I’d met a British expat living in Tbilisi. “The Georgians are lovely; they are friendly and fun – they like to party. But sometimes they party too much,” she had said. She shared a tale of how two priests had spent a night drinking, and one of them had gambled his church away while under the influence of alcohol.
Whether the story is true or not (sadly, I have found nothing to back it up) perhaps doesn’t really matter. It’s yet another of the great myths and legends of the Georgian repertoire.
Tbilisi is an intoxicating mix of old and new, historically a crossroads of civilisations, with a beautiful setting, atmospheric old town, sulphur baths, fascinating bazaar and signs for wine tastings everywhere. However, to really appreciate Georgia’s 525 varieties of wine and long heritage you need to head out to one of the boutique wineries that have been springing up around the country in recent years.
Iago Bitarishvili of the eponymous Iago’s Wine explained with passion how the traditional ‘amber’ wines are made.
“We put the whole grape in, keeping the skin and stems in. We don’t need to add anything, we don’t need to take anything. We use a white grape but the wine is a golden amber colour.”
The wine is made in huge clay pots known as quevri, buried in the ground. Some wines in Georgia are made the more common European way but Iago explained that these are known as ‘wines without a mother,’ whereas wines made the traditional way are more natural.
“Wine is part of our culture, we make it for ourselves and for our families. And we have been making them this way for 8,000 years.” As UNESCO says, “wine plays a vital role in everyday life and in the celebration of secular and religious events and rituals. Wine cellars are still considered the holiest place in the family home.”
We came across evidence of wine making and wine drinking in unlikely places. One of the undoubted highlights was visiting the cave city of Vardzia, about 230km south-west of Tbilisi. First established in 1156, it is associated with Queen Tamar, an icon to many in Georgia as its first female ruler but also a very successful one.
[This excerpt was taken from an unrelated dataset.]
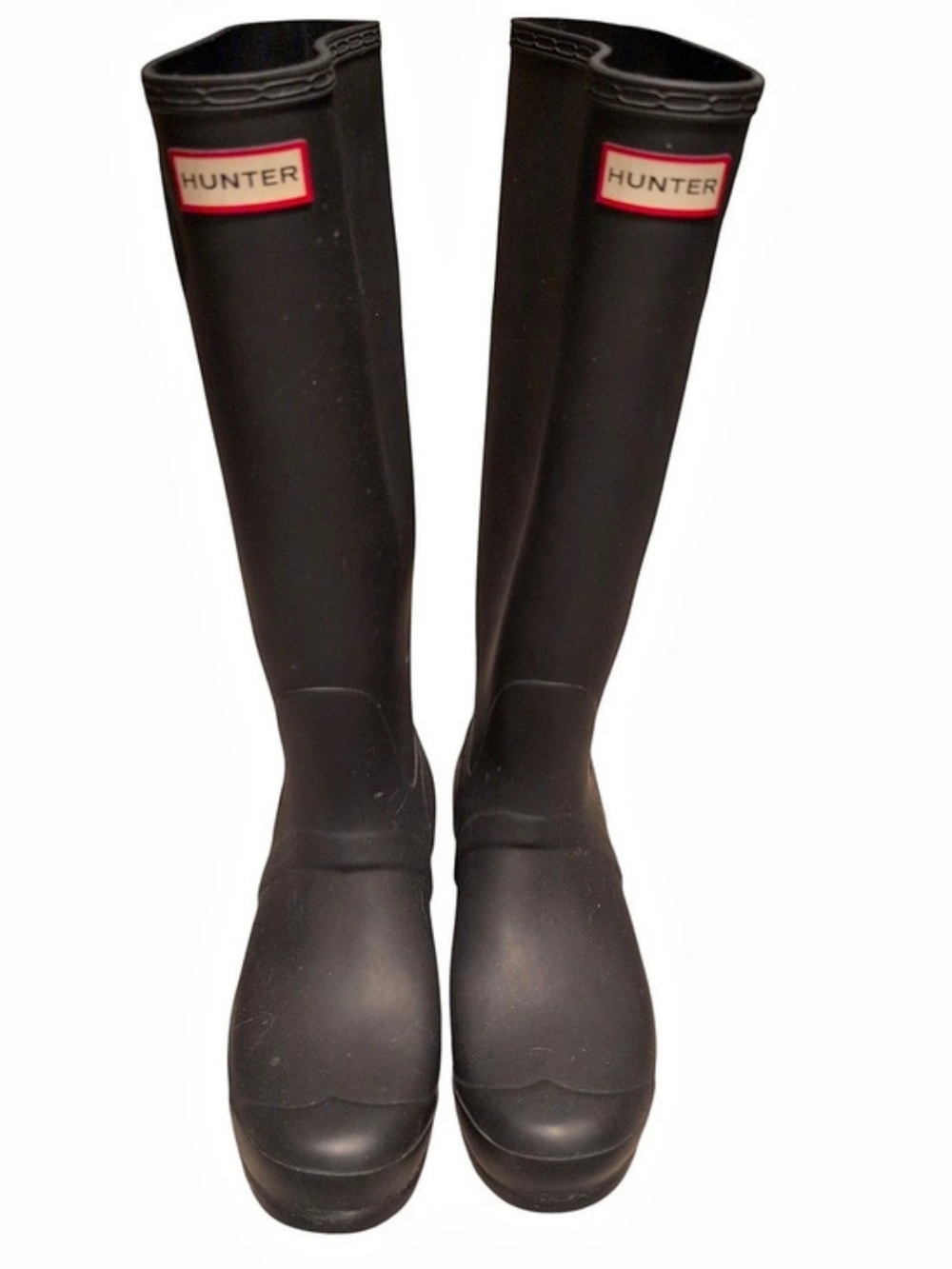 Hunter Original Tall Rain Boots Black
Her father first established the city, but she turned it into a monastery complex with 2,000 monks.
It had at least 3,000 chambers over 13 levels connected with each other by tunnels, and it included dozens of wine cellars. However, an earthquake hit in 1283 and a large portion of the cliff-face collapsed with 70% of the rooms damaged or destroyed. But even now you can see shops, stables, wine press, and chambers which housed quevri pots.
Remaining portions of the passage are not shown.